Remembering Jean-Michel Basquiat

David Hershkovits
Jean-Michel Basquiat's meteoric rise to artistic fame has become the stuff of legend. How he went from living on the streets of Manhattan going from girlfriend-to-girlfriend, writing cryptic sayings on the walls and signing them "Samo," being discovered by the downtown hipster cognoscenti, achieving fame and fortune in his lifetime and dying from an overdose of heroin all within a span of ten years makes quite a story. The son of a Puerto Rican mother and a Haitian father, he is regarded as the first painter of African descent to become an international art star whose paintings have sold for upwards to $15 million at auction.

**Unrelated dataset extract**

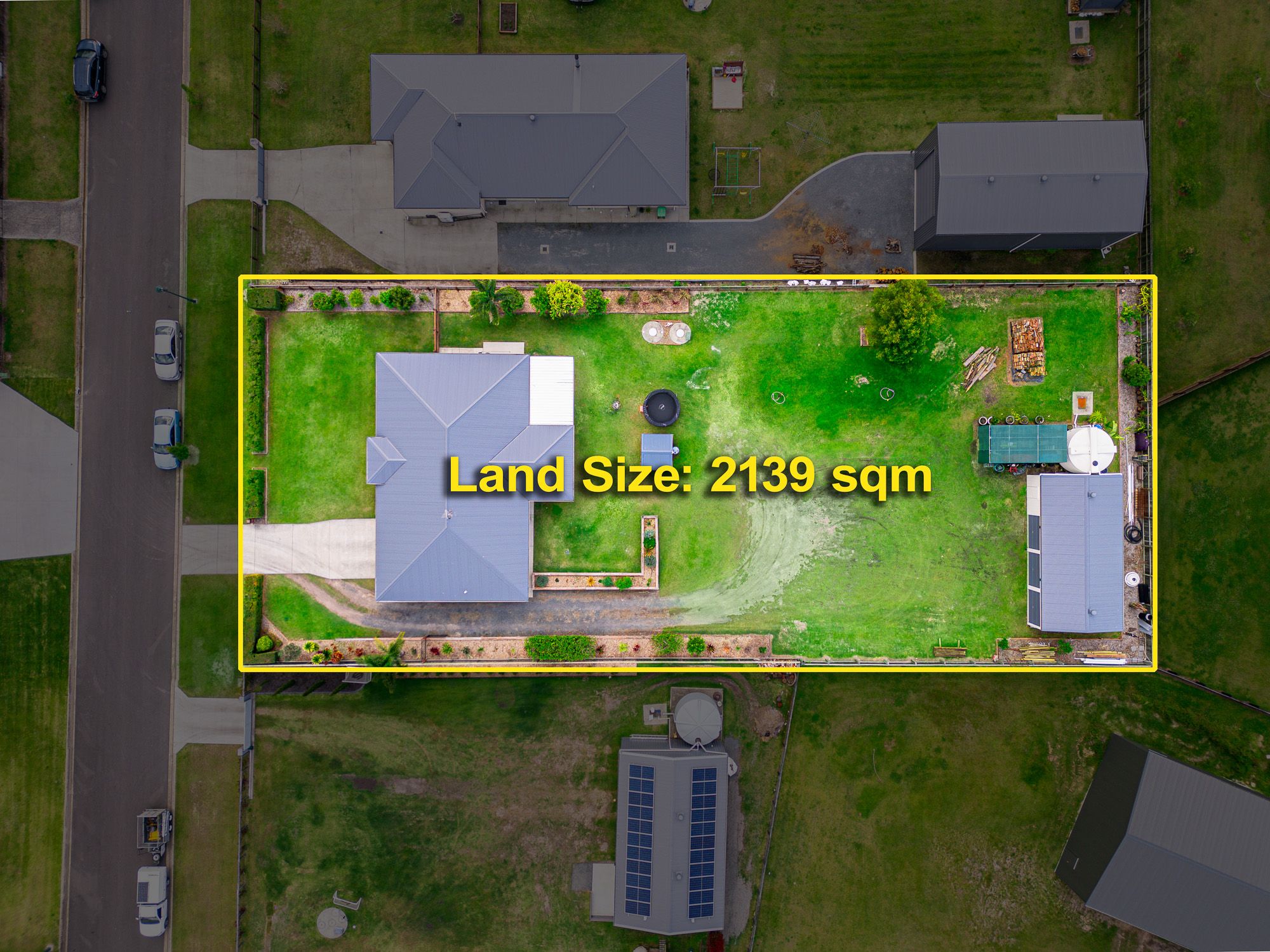 58-60 Melrose Place, New Beith, QLD 4124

Not one to cozy up to the press and living in the days before the media saturation of the Internet, there is little documentation of this rarefied sensibility. Which is all the more reason to be thankful to Tamra Davis for unearthing an old video interview she did with Basquiat and turning it into Jean-Michel Basquiat: The Radiant Child, a documentary that recently screened at the Museum of Modern Art

Davis has called her work  a "love letter to Jean-Michel"  in which she gets a chance to contribute to his legacy not only with the interview conducted with convivial informality, but also by getting many of the friends, lovers, supporters and spiritual kin who nurtured his raw talent to tell us why they loved him. Fortunately for Basquiat, he stepped into downtown New York in the '80s, a period of creative ferment that is only just beginning to get its critical due. With the worlds of art, music, film, fashion and performance in hyper cross pollination, Basquiat captured the zeitgeist perfectly with his work that referenced all of that and more. At first anonymous, he stepped forward to claim the crown of Samo in a world primed to welcome him.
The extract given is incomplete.